[Request] Diacritization for Arabic vocab

alexandregallot · July 9, 2025, 7:36pm

Hello team,

One of the most annoying things with using LingQ for Arabic is that in cases where the reading of a word is contextually or lexically defined (as opposed to gramatically deduceable by parsing its PoS and deducing its reading from the regular schemes), I can only rely on the automatic TTS, which I find very annoying to use (it interrupts my workflow and sometimes I literally cannot listen to it) and regularly makes mistakes.

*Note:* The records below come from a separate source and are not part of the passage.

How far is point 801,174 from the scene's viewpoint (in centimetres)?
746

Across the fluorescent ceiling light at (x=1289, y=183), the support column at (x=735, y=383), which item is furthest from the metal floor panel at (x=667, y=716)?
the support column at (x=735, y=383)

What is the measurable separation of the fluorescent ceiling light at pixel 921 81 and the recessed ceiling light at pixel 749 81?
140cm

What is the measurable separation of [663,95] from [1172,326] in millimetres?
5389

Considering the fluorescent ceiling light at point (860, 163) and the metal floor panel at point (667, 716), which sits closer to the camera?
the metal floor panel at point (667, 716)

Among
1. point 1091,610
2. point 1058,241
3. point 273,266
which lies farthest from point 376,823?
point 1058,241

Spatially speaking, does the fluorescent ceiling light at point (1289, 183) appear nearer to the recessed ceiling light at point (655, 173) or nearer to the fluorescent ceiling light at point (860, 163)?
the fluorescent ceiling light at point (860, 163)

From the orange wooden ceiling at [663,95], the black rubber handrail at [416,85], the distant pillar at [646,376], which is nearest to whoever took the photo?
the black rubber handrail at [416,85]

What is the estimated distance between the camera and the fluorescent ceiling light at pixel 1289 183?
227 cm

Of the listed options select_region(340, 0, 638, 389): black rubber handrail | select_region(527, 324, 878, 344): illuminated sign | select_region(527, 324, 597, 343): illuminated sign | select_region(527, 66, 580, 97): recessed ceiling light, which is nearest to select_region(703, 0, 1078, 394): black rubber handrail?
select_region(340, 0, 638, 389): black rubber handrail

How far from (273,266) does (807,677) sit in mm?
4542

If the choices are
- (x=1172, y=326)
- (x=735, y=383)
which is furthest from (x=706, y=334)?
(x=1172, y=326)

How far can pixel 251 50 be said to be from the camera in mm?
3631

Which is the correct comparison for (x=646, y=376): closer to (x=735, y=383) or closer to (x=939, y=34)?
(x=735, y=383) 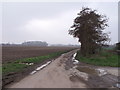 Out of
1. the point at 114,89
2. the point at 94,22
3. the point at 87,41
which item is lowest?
the point at 114,89

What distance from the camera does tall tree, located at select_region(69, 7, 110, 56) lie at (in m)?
37.3

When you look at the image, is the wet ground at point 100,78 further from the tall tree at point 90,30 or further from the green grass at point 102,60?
the tall tree at point 90,30

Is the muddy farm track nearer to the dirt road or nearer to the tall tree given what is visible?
the dirt road

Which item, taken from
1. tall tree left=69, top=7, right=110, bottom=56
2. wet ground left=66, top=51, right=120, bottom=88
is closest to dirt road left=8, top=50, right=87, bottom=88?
wet ground left=66, top=51, right=120, bottom=88

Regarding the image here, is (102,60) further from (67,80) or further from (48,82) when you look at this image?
(48,82)

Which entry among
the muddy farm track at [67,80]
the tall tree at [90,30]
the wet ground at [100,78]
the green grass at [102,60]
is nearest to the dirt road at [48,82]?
the muddy farm track at [67,80]

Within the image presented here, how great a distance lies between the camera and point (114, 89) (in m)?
10.9

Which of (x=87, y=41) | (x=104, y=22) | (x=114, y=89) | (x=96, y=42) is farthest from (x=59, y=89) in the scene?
(x=104, y=22)

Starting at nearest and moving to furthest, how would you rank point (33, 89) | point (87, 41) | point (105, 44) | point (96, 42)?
point (33, 89) < point (87, 41) < point (96, 42) < point (105, 44)

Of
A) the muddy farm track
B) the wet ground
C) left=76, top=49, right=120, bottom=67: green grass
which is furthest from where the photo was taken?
left=76, top=49, right=120, bottom=67: green grass

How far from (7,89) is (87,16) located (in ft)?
97.5

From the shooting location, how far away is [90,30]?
37062 mm

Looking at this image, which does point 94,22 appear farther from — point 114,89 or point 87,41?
point 114,89

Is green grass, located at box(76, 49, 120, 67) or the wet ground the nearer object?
the wet ground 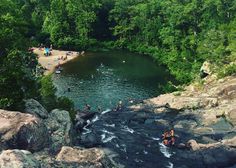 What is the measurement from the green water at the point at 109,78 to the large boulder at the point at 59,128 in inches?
892

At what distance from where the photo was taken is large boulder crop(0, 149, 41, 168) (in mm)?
23250

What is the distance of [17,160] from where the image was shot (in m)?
23.6

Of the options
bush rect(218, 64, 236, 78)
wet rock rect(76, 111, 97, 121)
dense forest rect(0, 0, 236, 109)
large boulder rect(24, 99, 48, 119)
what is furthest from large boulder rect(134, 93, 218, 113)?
large boulder rect(24, 99, 48, 119)

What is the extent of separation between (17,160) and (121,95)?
54445 millimetres

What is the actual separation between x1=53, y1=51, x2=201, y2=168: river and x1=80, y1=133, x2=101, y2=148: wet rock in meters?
0.55

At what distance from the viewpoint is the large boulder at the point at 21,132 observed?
29.7 metres

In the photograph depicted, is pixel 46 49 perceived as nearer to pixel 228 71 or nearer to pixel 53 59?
pixel 53 59

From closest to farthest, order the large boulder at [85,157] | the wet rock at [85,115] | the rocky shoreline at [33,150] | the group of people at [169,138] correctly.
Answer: the rocky shoreline at [33,150]
the large boulder at [85,157]
the group of people at [169,138]
the wet rock at [85,115]

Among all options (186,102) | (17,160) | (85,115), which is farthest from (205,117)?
(17,160)

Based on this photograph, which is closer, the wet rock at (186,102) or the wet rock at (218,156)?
the wet rock at (218,156)

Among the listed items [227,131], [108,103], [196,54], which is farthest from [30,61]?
[196,54]

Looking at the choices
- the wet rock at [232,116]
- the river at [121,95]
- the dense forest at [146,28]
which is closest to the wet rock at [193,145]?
the river at [121,95]

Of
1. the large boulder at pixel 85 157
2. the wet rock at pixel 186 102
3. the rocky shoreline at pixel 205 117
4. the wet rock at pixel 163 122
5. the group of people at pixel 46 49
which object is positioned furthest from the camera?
the group of people at pixel 46 49

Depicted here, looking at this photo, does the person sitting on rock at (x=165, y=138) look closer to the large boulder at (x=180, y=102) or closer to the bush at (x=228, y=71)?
the large boulder at (x=180, y=102) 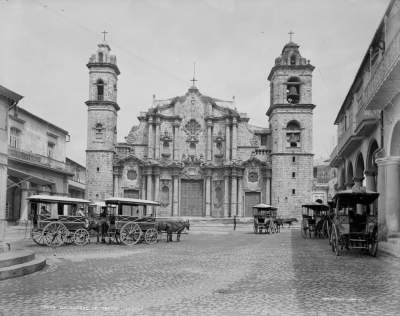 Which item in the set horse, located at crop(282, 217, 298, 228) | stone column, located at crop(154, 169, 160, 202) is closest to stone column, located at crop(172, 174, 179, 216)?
stone column, located at crop(154, 169, 160, 202)

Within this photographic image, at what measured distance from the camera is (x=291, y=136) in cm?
4250

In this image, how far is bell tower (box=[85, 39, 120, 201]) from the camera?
41719 millimetres

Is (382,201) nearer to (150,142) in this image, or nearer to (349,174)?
(349,174)

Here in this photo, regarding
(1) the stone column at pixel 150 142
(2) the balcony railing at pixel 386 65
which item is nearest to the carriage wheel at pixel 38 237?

This is especially true in cases where there are several possible readings for a given spelling.

Ex: جمل , as a noun, can be vocalized “jamal” (a camel) or “jumla” (a sentence).
شغل ,as a noun, can be vocalized “shughul” (work, occupation) or shaghl (distraction).

Basically, whenever I stumble upon a simple three letter words, I have to guess how to read it, and the TTS function might not be helpful because it can only enunciate one possiblity.

What I imagine would be nice is if when clicking on the word in a Lesson, one would get, in the case of شغل , two entries:
شَغْل - distraction
شُغُل - word, occupation

which would let the learner not have to guess the reading, and notice the ambiguity.

I suppose that the automatic AI feature used when searching vocabulary is based on a RAG-augmented LLM. Perhaps it could be tweaked to:

PoS tag the word (including stripping it of enclitics) ;
Then look for all the word’s possible readings with full or semi-diacritization;
Then provide the learner with the diacritized lexical items corresponding and their translation

istrauss6 · July 9, 2025, 8:16pm

Same issue in Hebrew for the same reason.

zoran · July 9, 2025, 9:46pm

Thanks, we will see what can be done.